I believe that Twilio’s capital allocation is exemplary. My evaluations of the company's excellent balance sheet, exceptional investment, and reasonable shareholder payouts are reflected in the rating. Since the company does not offer dividends or share buybacks, I believe that investments in the business are more likely to be the primary factor in overall shareholder returns and should therefore be given priority over these alternative capital returns. The business is acquisitive, with the majority of its transactions being tuck-in, feature-driven deals. However, from 2019 through 2021, the business closed one sizable deal year. Therefore, I draw the conclusion that Twilio will keep pursuing its acquisition strategy, which concentrates on smaller, technology-driven transactions, while I cannot completely rule out additional significant deals. The balance sheet of Twilio is solid, with a net cash position as of December 2021 consisting of $5.4 billion in cash and short-term investments and $986 million in convertible notes. These new senior bonds have two $500 million payment due dates: 2029 and 2031. In our opinion, there is no significant risk to the firm's ability to fund the note repayment.

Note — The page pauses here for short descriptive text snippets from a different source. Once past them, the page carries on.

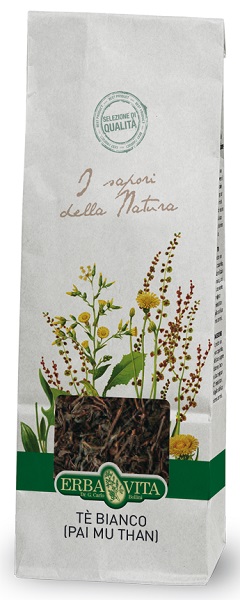 THE BIANCO PAI MUTHAN 100 G - Farmacia Del Monaco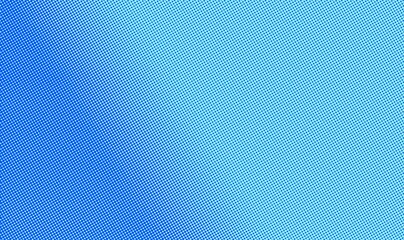 Gradient blue color background. Empty backdrop illustration with copy space, usable for social media promotions, events, banners, posters, anniversary, party, and online web Ads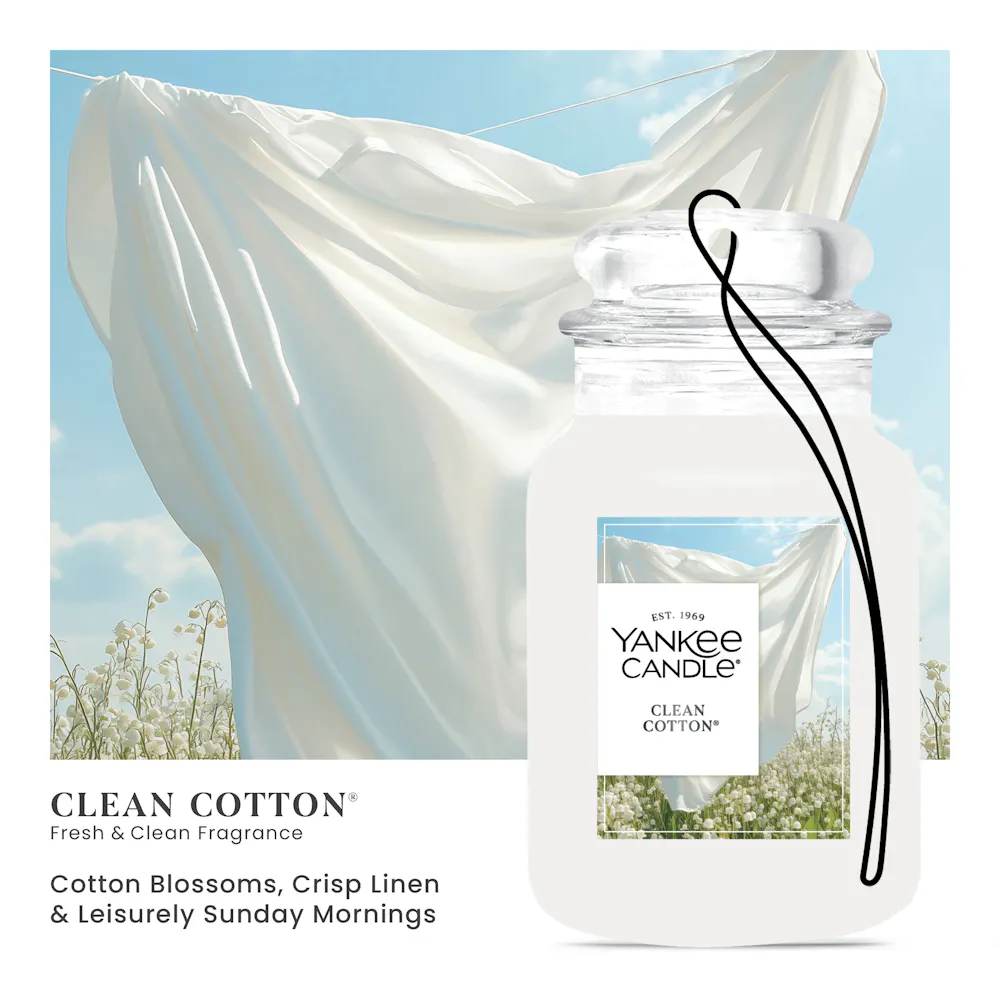 Clean Cotton®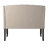 Aileen Polyester Blend Upholstered Bench-139376400-139376401
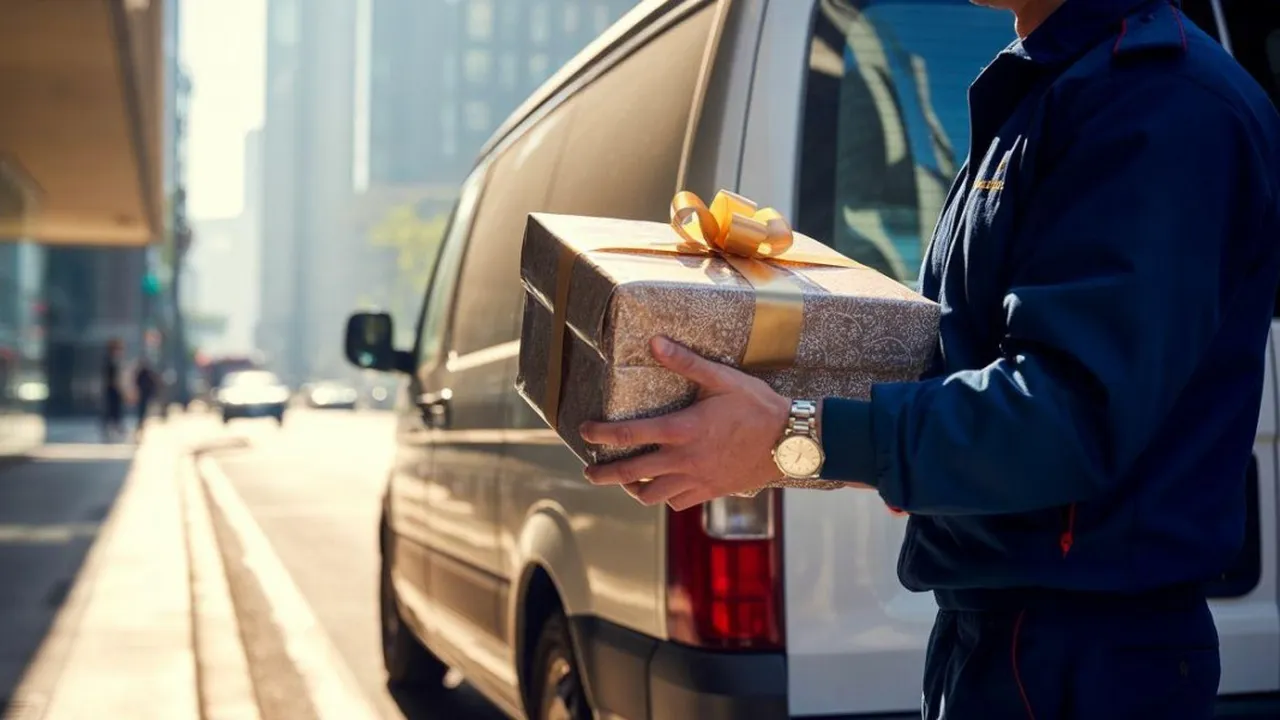 Cara Mengirimkan Paket Hampers Sehari Sampai dengan Aman dan Tepat Waktu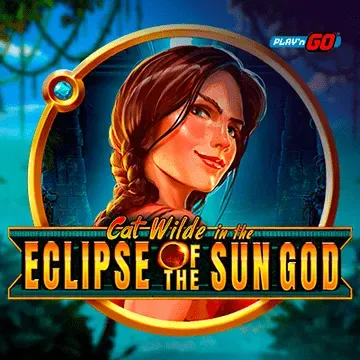 PlaynGo : Cat Wilde in the Eclipse of the Sun God - NEXTSLOT777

Overall, I see no problems with governance. The company has experienced significant growth, and over the past few years, free cash flow margins have been roughly breakeven. Management has stated its desire to continue to be profitable on a non-GAAP basis moving forward, which I believe will increase free cash flow margins and also, I believe that both organic product creation and acquisitions have been wise strategic moves. Since its IPO, Twilio has executed a number of acquisitions every year. Even though three larger deals have been executed, these deals are primarily feature-driven and cost less than $30 million each. Twilio bought the email API platform SendGrid in 2019 for $2.8 billion, the customer data platform Segment in 2020 for $3.0 billion, and the toll-free messaging platform Zipwhip in 2021 for $839 million. Even if they were margin-dilutive in the short term and the goodwill affects estimates of return on invested capital, these larger agreements, in particular, have assisted in accelerating growth and improving retention. I recognise the strategic justification for these purchases, but as deal sizes grow, so does my skepticism. To put it another way, I believe the company's acquisition approach is riskier than the normal software company. The management team at Twilio has developed a sound strategy and successfully carried it out. Twilio was established in 2008 by Jeff Lawson, Evan Cooke, and John Wolthuis; Jeff Lawson presently serves as CEO. The company uses a two-class share ownership structure with different voting rights. Lawson has a 4% ownership holding with 24% of the voting rights as of December 2021. Less than 1% of the corporation is still owned by co-founder John Wolthuis, who also has 6% of the voting power.